Recensione: Una Piccola Impresa Meridionale

Una piccola impresa meridionale è il secondo film firmato Rocco Papaleo che rispecchia tutto lo stile ironico, surreale e sornione dell'attore-regista.




Una pellicola allegra, divertente, colorata, ambientata in un sud immerso in paesaggi naturali bellissimi ma molto rustici. E forse proprio questa scenografia così essenziale, un paesino, senza ingombri troppo invadenti come in una trafficata città, dà risalto ai personaggi e alla storia che gode appunto del tocco comico papaleano: un prete spretato per amore, viene coinvolto in diverse storie bizzarre. Un cast composto da bravi attori come Scamarcio, che qui sfodera la sua insolita vena comica, spalleggiato dallo stesso Papaleo, risultando simpatico e a suo agio anche in questo ruolo.
Una sceneggiatura che forse in alcuni casi risulta involontariamente impacciata.

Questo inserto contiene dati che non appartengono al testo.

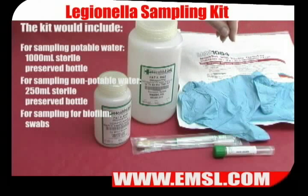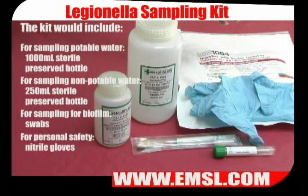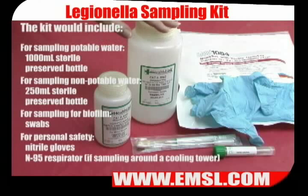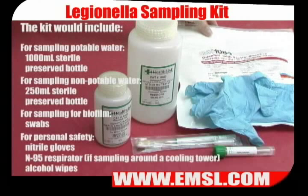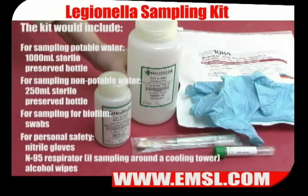In terms of personal protective equipment, you'll need nitrile gloves and an N95 respirator if you are sampling around a cooling tower, and also splash goggles. You'll also need a package of alcohol wipes to wipe down the bottles after you're finished sampling.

Nonostante ciò, cast, interpretazione, fotografia e ambientazione vengono premiate; sbava, come detto, un po' la sceneggiatura ma nell'insieme è comunque gradevole, agevolata anche da una narrazione fissa e non diluita come nel primo e pluripremiato road movie Basilicata coast to coast.

Nell'insieme quindi il film è sicuramente piacevole.

In generale Papaleo che ha già di suo uno stile comico ironico del tutto originale, riesce a trasferire quello che è il suo stile artistico anche da dietro la telecamera, riuscendo a far risultare evidente la sua firma. Come un pittore riesce a dare un tocco personalissimo e inconfondibile alla sua tela. "Registattori" con questa innata caratteristica, che lasciano questa impronta visibile nelle proprie opere, sono pochi e di successo: due tra tutti, Verdone e Rubini.

Considerando che Papaleo è alla sua seconda regia e dunque è un regista giovane, promette bene!